The program described below is an adaptation of the tool *Hypatia*, initially developed in Portugal (http://www.hypatiamat.com/). Hipatia is a researcher-developed hypermedia program that was created to support the development of students' self-regulatory skills and the acquisition of specific math skills. Because of the nature of the tool, one of the goals of Hipatia is to improve students' motivation toward math. As it is designed, the teacher and the student can work with the application both from the computer and from the whiteboard; thus, it is an in-class tool meant to supplement and reinforce whole-class instruction. Hipatia was created and established in a web space (www.institutouria.es/hyp), making it accessible to both the students and faculty. In this space, there are different sections or links. First, there is a section concerning the content, which lists each of the topics offered (loca, angles, polygons, areas, etc.). Second, there is a specific section for calculating activities, working this skill in a fun way through games. Third, there are sections describing the project and sections which give visitors the opportunity to collaborate. The application can be run from the student's own computer (at home or at school), from the teacher, or from the interactive whiteboard.

In this regard, students using Hipatia follow a predetermined series of tasks. First, they are presented a concept through an example (thus activating prior knowledge); then they process the content, first with simple tasks and then with progressively more difficult tasks. The underlying concepts of these initial phases are learning to learn and selfregulatory enhancement planning. Once students have acquired the knowledge, they practice with different activities (i.e., "learning to do," or execution) and the program gives students immediate feedback once they complete the task; this component of the tool supports affective-motivational development as it is an immediate and contingent reinforcement (Cameron, Pierce, Banko, & Gear, 2005). Feedback makes learning more active, autonomous, reflective, and critical (Martínez-Berruezo & García-Varela, 2013).

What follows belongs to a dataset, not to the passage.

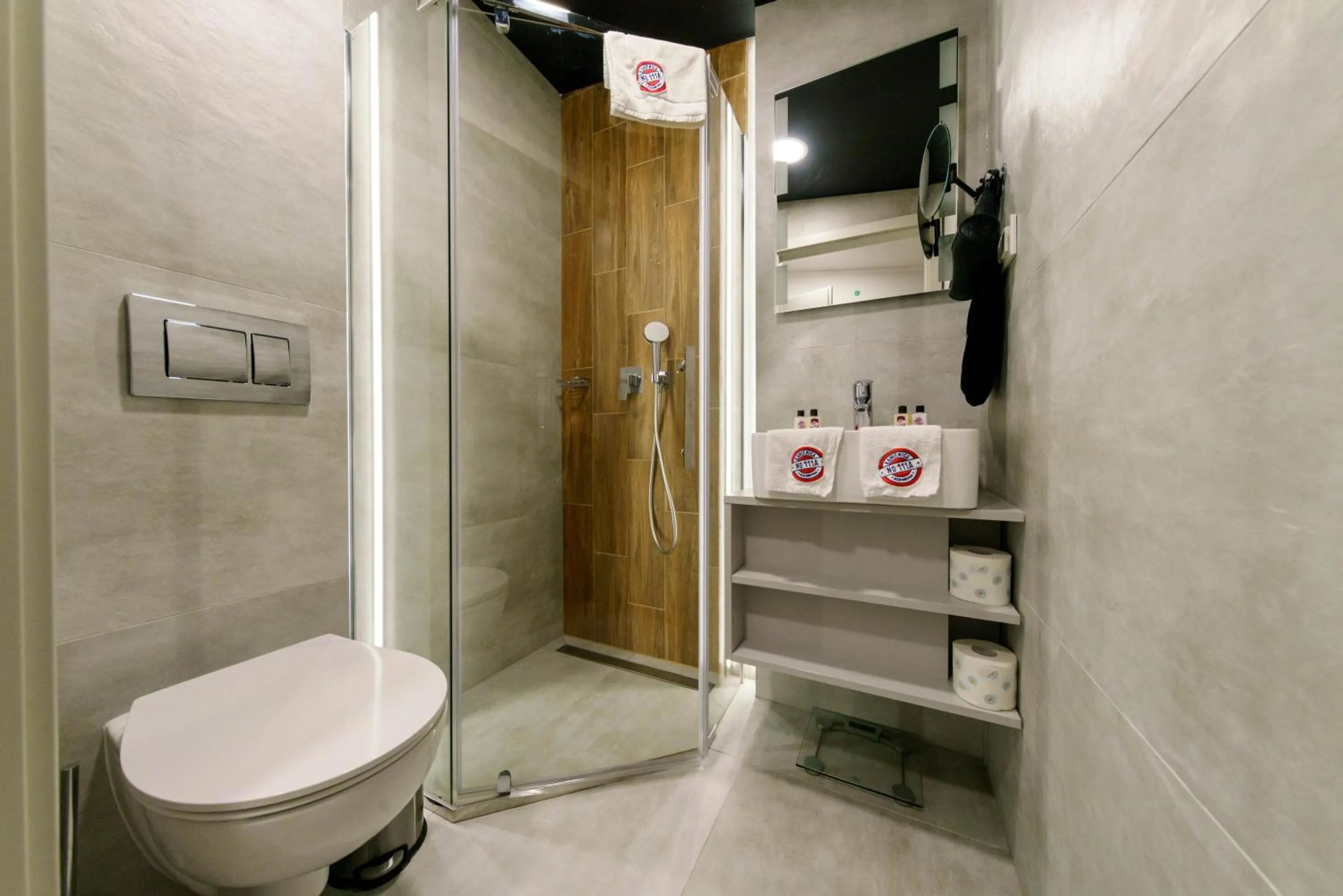 Shower in Kamienica no 111a Warsaw Airport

After feedback, each topic includes a final summary that lists the main ideas learned, thus facilitating the process of self-evaluation and monitoring of learning. Some of the mathematical content includes loci, polygons, perimeter, area, and angles. To more clearly describe the sequencing of the instrument's content, one of the lessons (on angles) is described below. It is important to note that all the proposed content follows the same dynamics as shown below.

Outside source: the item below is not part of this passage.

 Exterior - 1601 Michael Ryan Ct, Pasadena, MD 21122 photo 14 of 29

All the topics are divided into 10 sections, within which appear different activities that present relevant concepts, exercises and problems. Students navigate through activities using the arrows (as evident in the figures). The Hipatia program has several tools but the following three are used most frequently: pencil, pen, and rubber/eraser. The pen allows students to write and to conduct operations while the pen allows them to point out or highlight data. Students use these tools to perform the requested activities, operate to solve a problem, outline the statement when necessary, and seek strategies to solve a problem. For this, they have to click on the tool, which appears at the top right of the screen. In addition, the teacher and the student have the option to change the data in the exercises by a specific button (shown at the top of the screen in some exercises). Using this option, the problem statement remains invariable while the numerical data change. This action facilitates the consolidation of knowledge needed to repeatedly perform the activity. Further, students can obtain a proposed correct solution, receive clarification on words (those underlined with a dotted line include a comment when you mouse over them), check their responses (through immediate feedback), and receive the guidance of the avatar or meta-tutor.

The avatar, which can be seen at the top right of Figure 3, acts as a guide in the learning process, emerging when the student makes a mistake or seeks to provide an answer before attempting the exercise. Based on student performance errors, the avatar gives specific instruction tailored to each response and, therefore, to the specific needs of each student. In this way, deficits related to specific learning difficulties in mathematics are addressed. Other tools offered by the program are the protractor, ruler, and compass, which are necessary for various activities.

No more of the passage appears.